Every entry is to be returned as it stands, apart from the pictures.

◆ Captioned web image data

▽

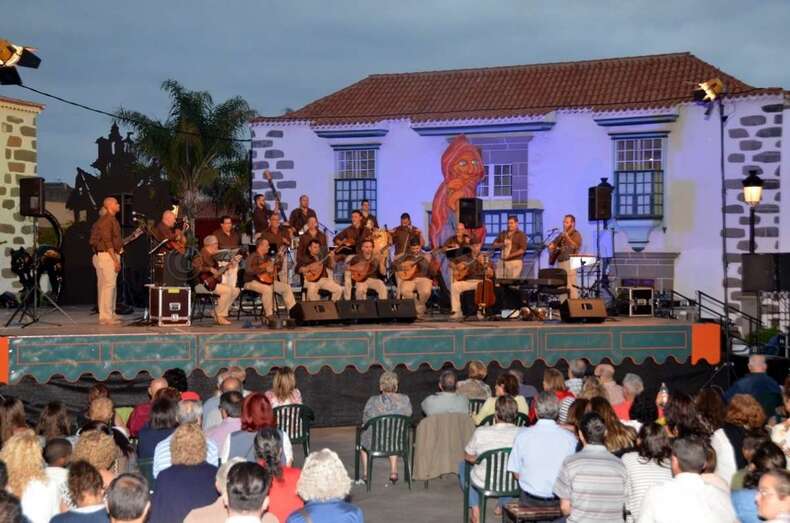Momento del concierto de Atacayte, esta noche en San Juan (Foto Francisco Javier Santana)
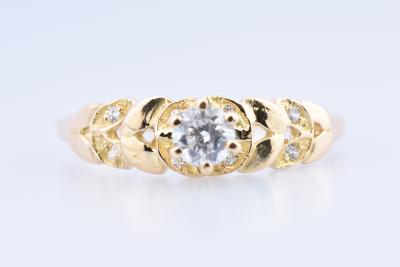 Bague solitaire en or jaune 18 carats ornée  de 9 zirconium 2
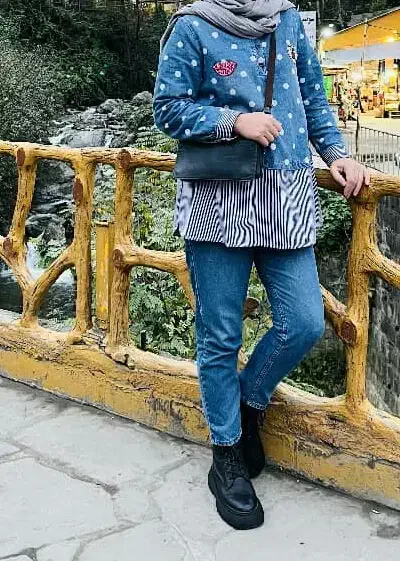 لباس لی|لباس|رشت, گلباغ نماز|دیوار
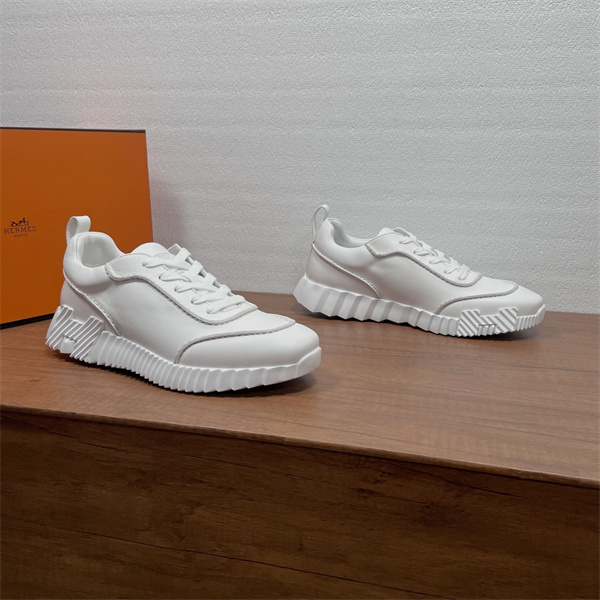 エルメススニーカースーパーコピー HERMES 軽く耐久性のある  2026セール秋冬人気品 激安(日本最大級)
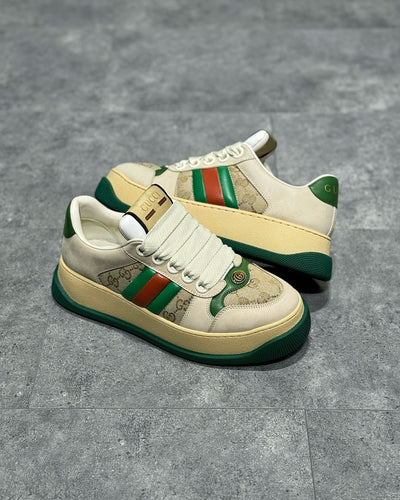 GUC Sneakers
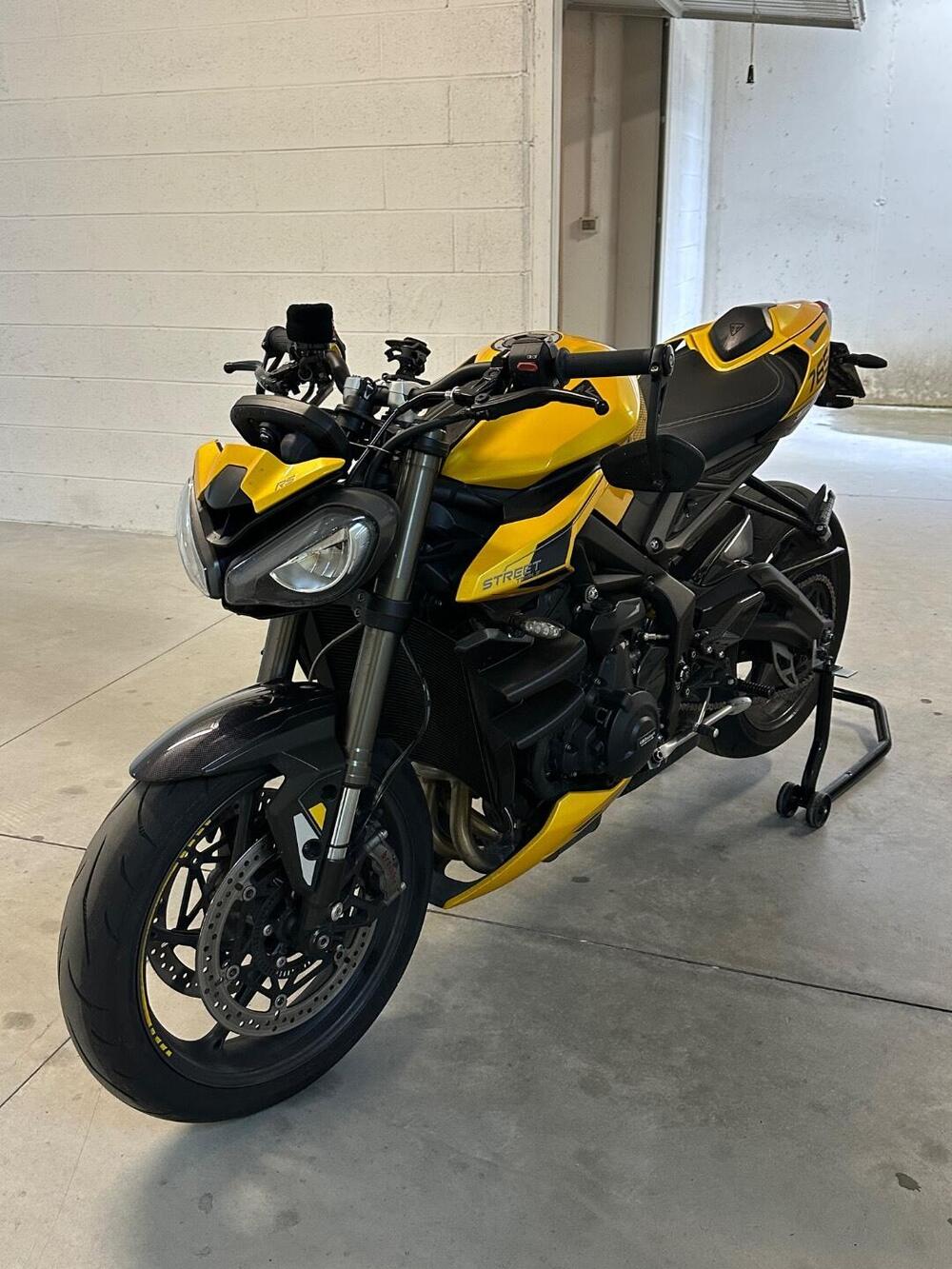 Triumph Street Triple 765 RS (2023 - 26)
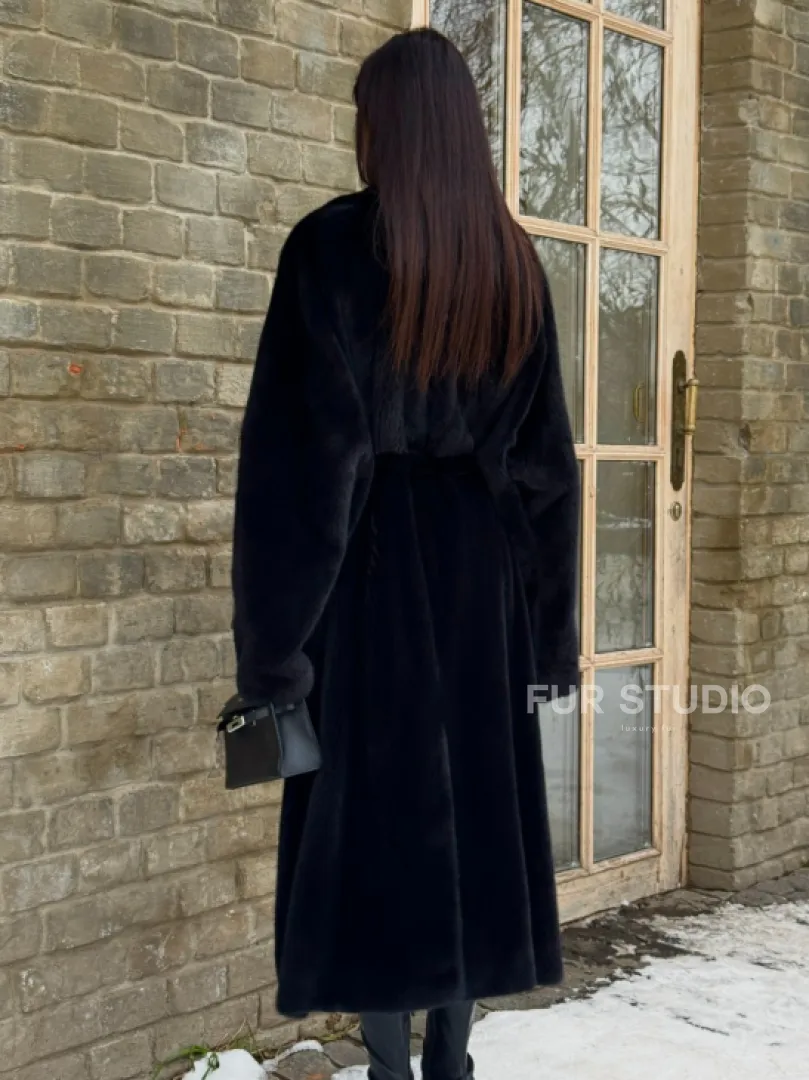 Шикарное норковое кимоно с английским воротником в черно-синем цвете - фото 5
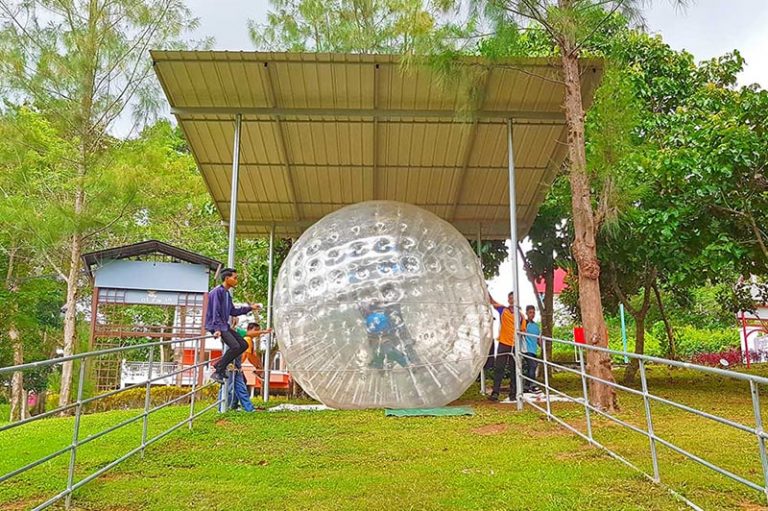 Brookside Valley Resort Hotel in Rayong: Giant Ball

△

◆ OUTPUT BELOW
Momento del concierto de Atacayte, esta noche en San Juan (Foto Francisco Javier Santana)
 Bague solitaire en or jaune 18 carats ornée  de 9 zirconium 2
 لباس لی|لباس|رشت, گلباغ نماز|دیوار
 エルメススニーカースーパーコピー HERMES 軽く耐久性のある  2026セール秋冬人気品 激安(日本最大級)
 GUC Sneakers
 Triumph Street Triple 765 RS (2023 - 26)
 Шикарное норковое кимоно с английским воротником в черно-синем цвете - фото 5
 Brookside Valley Resort Hotel in Rayong: Giant Ball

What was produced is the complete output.